**Problem to solve**: The lines from the start of the data through the line containing "Vintage Italian Murano" are to be reproduced exactly, both ends included.

**Information supplied**:
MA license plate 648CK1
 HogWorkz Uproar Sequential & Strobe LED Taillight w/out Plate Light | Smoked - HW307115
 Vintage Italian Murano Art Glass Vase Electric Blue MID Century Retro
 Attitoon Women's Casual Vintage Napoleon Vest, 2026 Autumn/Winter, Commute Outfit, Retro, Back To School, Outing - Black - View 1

**Exercise result**:
MA license plate 648CK1
 HogWorkz Uproar Sequential & Strobe LED Taillight w/out Plate Light | Smoked - HW307115
 Vintage Italian Murano Art Glass Vase Electric Blue MID Century Retro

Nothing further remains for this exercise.